The software has an interesting back story which starts with AlltheWeb in 1999, which came out of the same search team that developed FAST Search and Transfer, It was technically very sophisticated but Google had the momentum and AlltheWeb found it difficult to gain market share. At around the same time GoTo.com was developing pay-for-placement search services. In 2001 GoTo.com changed its name to Overture, purchased Allthe Web and Alta Vista and then in 2003 Overture was acquired by Yahoo! In 2006 IBM and Yahoo! collaborated on the IBM Omnifind Yahoo edition, which was built on Lucene (though that was not visibly disclosed) and was a free enterprise-level search application for up to 500,000 documents. It worked quite well, arguably too well, and IBM withdrew the product in 2010. Back at Yahoo! there was a significant amount of search development taking place, including bringing Doug Cutting on board in 2006 to continue the development of Hadoop. I should say at this stage that despite the gradual decline of Yahoo! the quality of research and development in its laboratories around the world was of the highest order. In 2016 the labs were closed down and integrated into Yahoo! Research.

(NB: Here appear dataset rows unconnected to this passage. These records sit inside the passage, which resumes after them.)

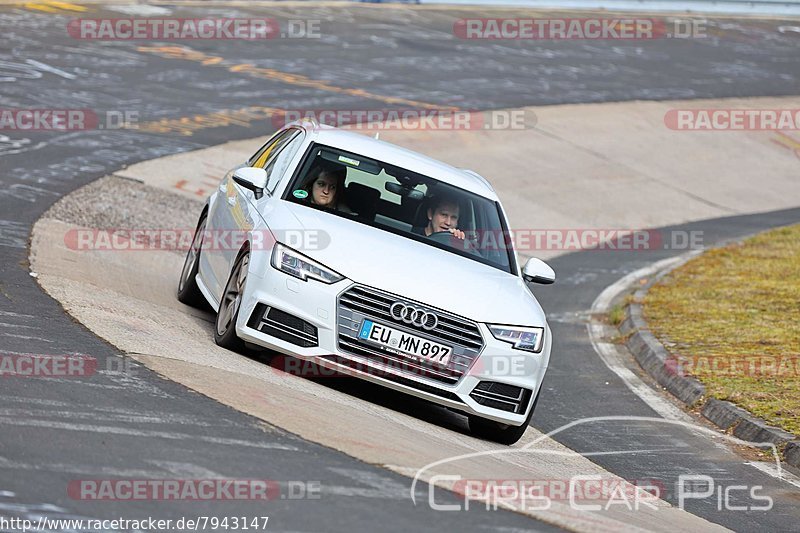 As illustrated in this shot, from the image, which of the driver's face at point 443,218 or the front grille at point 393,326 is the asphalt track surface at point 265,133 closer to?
the front grille at point 393,326

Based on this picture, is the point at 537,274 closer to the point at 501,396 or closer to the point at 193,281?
the point at 501,396

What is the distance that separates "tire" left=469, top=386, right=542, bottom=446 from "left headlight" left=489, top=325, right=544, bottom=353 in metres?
0.35

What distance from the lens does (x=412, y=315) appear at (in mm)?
7754

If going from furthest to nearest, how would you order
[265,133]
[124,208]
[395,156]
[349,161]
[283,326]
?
[265,133] → [124,208] → [395,156] → [349,161] → [283,326]

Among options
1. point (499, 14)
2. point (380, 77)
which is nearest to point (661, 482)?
point (380, 77)

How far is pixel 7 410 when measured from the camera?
20.4 feet

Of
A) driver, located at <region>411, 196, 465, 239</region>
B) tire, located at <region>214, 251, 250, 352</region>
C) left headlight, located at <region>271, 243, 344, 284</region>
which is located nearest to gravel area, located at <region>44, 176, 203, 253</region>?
tire, located at <region>214, 251, 250, 352</region>

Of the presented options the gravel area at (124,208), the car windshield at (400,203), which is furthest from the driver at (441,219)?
the gravel area at (124,208)

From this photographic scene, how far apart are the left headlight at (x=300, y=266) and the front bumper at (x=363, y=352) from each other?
1.6 inches

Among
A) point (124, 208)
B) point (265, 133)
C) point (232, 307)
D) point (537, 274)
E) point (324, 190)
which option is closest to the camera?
point (232, 307)

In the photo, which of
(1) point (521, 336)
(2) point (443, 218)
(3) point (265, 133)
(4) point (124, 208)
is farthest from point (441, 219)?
(3) point (265, 133)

The story continues under Verizon, which acquired AOL in 2015 and most of Yahoo’s operating divisions in 2017, bringing them together under the name of Oath. Now we are seeing the results of many years of development and the rebuilding of Vespa from an internal application running many of the Yahoo! sites into an open source offering. Why they called it Vespa when there already is a software product called Vespa I have no idea. Be that as it may, the quality of the documentation is first class. I will admit to having some difficulty getting my head around the ranking model, which makes extensive use of tensor mathematics. That is interesting from the viewpoint of both being a novel approach to ranking and being one of the reasons for the very fast processing speed.

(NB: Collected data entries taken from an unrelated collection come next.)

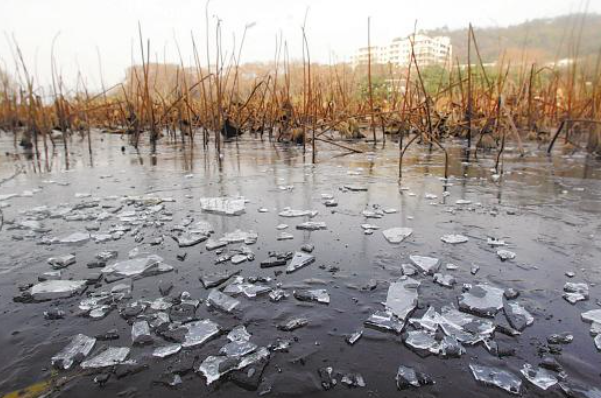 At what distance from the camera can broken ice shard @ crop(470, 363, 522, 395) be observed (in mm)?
800

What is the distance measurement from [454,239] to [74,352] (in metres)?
1.47

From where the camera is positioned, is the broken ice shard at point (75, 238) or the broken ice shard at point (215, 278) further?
the broken ice shard at point (75, 238)

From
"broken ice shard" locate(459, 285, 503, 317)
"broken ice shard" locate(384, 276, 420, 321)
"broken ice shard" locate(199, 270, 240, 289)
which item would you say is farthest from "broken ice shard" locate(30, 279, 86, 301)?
"broken ice shard" locate(459, 285, 503, 317)

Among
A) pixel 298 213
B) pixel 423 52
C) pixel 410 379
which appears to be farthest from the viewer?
pixel 423 52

So far the only comparison between Lucene and Vespa that I have seen comes from Matt Overstreet at OpenSource Connections, and he also focuses in on the ranking engine, which is one of the major differentiators with Lucene. Vespa can be downloaded from GitHub. Unlike Lucene and Solr it is not an Apache project, at least at present. I think that the arrival of Vespa is very timely, given the computation requirements of content analytics. I suspect the release to open source is because Yahoo! is not in the software development and support business and recognises the value of having a community take on the development. Which is why the documentation is so comprehensive!  It will not be an over-night game-changer but it promises solutions to many emerging problems in search and my expectation is that development momentum will build quickly. A good indicator will be how quickly O’Reilly Media adds a Vespa book to its list of titles! It certainly does not mean the end of Lucene – but now you will have a choice of index management technology.

Martin White